Sajak-Sajak Isbedy Stiawan ZS

PINTU

pintu rumahku tak pernah terkunci
bahkan untukmu yang singgah
sesaat, lalu memetik buahbuah
dari pohon di halaman rumah

datang dengan senyum
pulang bawa buah ranum

juga daundaun di tubuhnya
telah mengekal kalimatku
: berbaris panjang
— atau sekalimat kecil —
yang kusematkan di rambutmu,
pipimu, bibirmu, juga tiap
langkah ke mana kau menjejak

bumi ini luas
kudekap kau!

2020

 

MENYUSUN LANGKAH

baiknya simpan jejakmu
sebelum hapus di jalan

jika tak pergi ke mana
susun langkah dari ruang
tamu atau sebelum keluar
dari kamar tidurmu

sebelum ke keramaian
gaduh di jalanjalan
menyingkirkan diri ini

sebelum kau meniadakan
aku sudah tanam percakapan

di tiap lembarlembar

2019/2020

 

PEREMPUAN DALAM TARIAN BAMBU

batangbatang bambu di tangan
para perempuan, jadi tarian. meliuk
dan menggapai langit tak terukur
melukis tiap gerak dan garis umur

“adakah di pucuk bambu itu
wajahku yang sendu. ataukah
kaudengar angin bersenandung?”
bisikmu. sangat dekat di telingaku

aku berjalan. mendekati perempuan-perempuan
yang menumbuk dengan ujung bambu
tapi iramanya, iramanya, sampai
padaku adalah desah rindu

seperti kerinduan daun pada ranting
setia rebung pada buluh, akar dengan
tanah. tarian bersama lentik jemari
yang gemulai. hidup ini kepada udara

kaukah yang memainkan batangbatang bambu
melukis langit dengan dendang
menulis bumi dari rampak bambu

: aku sembilu!

wajah perempuan itu
meluruskan hasratku
menggambar langit dan tanah
dalam irama ketukan: hidup-mati!

Lampung, November 2020

 

LANGIT WARNA

dan langit penuh warna
kaukah yang menulisnya?

katakata beradu jadi
irama di dalam dirimu

langit bercahaya
purnama terbit di matamu

aku menemuimu malam ini
meliukliuk sebagai penari

langit penuh wana
di bumi gaduh bertabuh

2020

 

LELAKI

ia, lelaki yang kujumpai di suatu
gedung kantor ambtenar, saat
itu siang — di luar tentu matahari menyengat
mengaruskan keringat — di sini tak! udara
menyejukkan ruangan. kami berdepandepan
secuil percakapan. ia gegas keluar dari ruang
kerjanya. melenggang. di belakangnya, seseorang
menenteng tas hitam, semacam koper, dan
turut gegas

berapa tahun kemudian, ia kujumpai lagi di kantor
yang lain. atau di jalan atau saat menuju
jembatan layang. aku khawatir ia akan terbang
bersama mimpimimpinya. sebagai layanglayang
yang merindukan benangnya putus. ia melayanglayang
nuju laut atau terdampar di pucuk rimba

“tapi aku tak akan pernah habis. ada orang
menyelamatkan aku, atau seseorang dari
keluargaku akan meneruskan sebagai layanglayang
menerbangkan setiap mimpi untuk menemui
tanah berumput emas!”

aku khawatir, kini kau tersangkut. di puncuk
rimba, dan tak hapal jalan turun…

2019/2020

 

* Isbedy Stiawan ZS lahir dan besar di Tanjungkarang, Lampung.
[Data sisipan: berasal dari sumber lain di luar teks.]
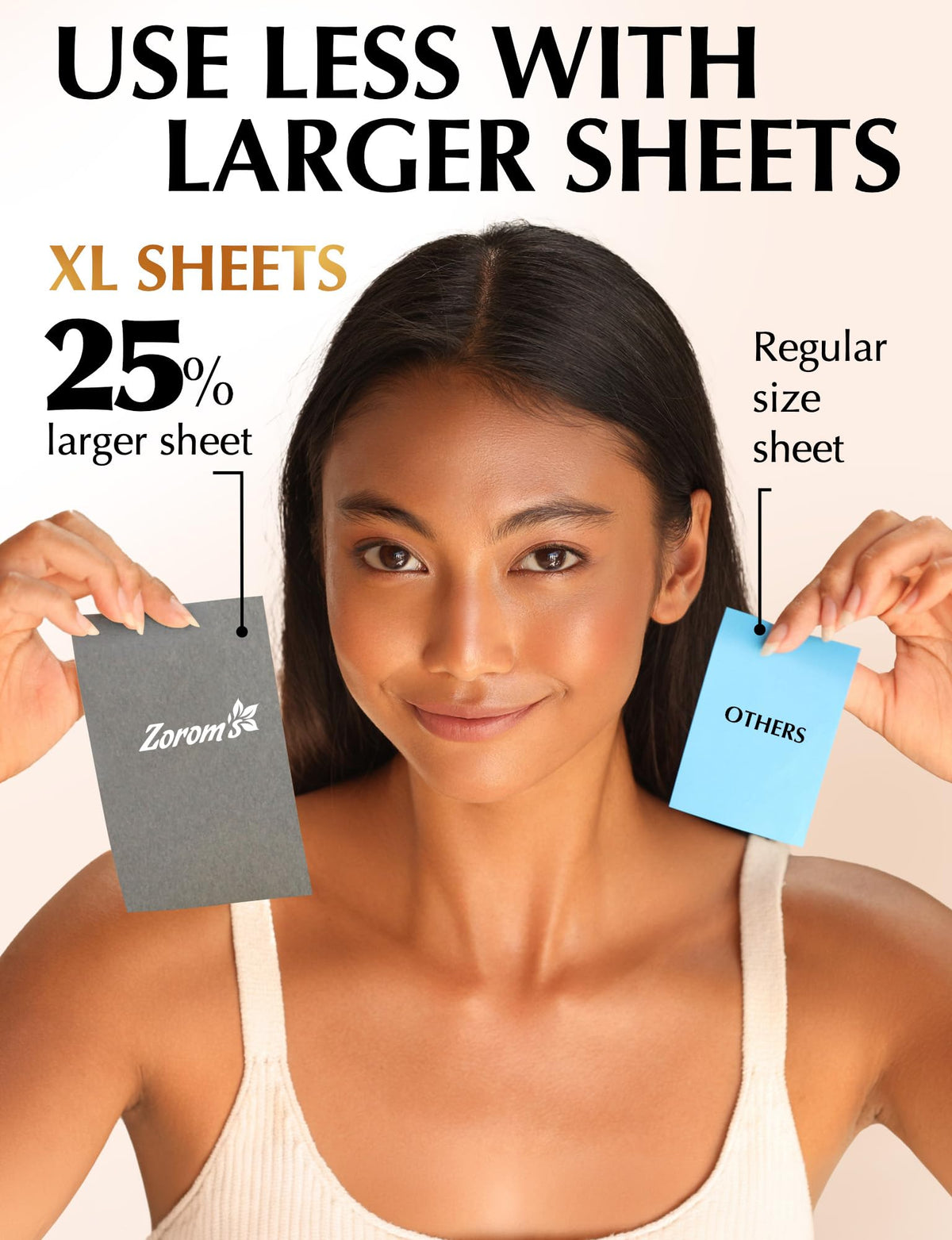 ZOROM'S XL Oil Blotting Sheets in a compact packaging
Sampai kini masih menetap di kota yang telah membesarkannya. Lebih dari 40 buku puisi dan cerpen diterbitkan, selain masuk di pelbagai antologi bersama. Buku puisi teranyar karya Isbedy adalah Taisiyah Ibu, Belok Kiri Jalan Terus ke Kota Tua, dan Kini Aku Sudah Jadi Batu! Isbedy sering memenangkan lomba cipta puisi dan cerpen, buku puisinya telah terpilih sebagai buku puisi terbaik, dan list 5 besar Badan Bahasa Kemendikbud RI tahun 2020.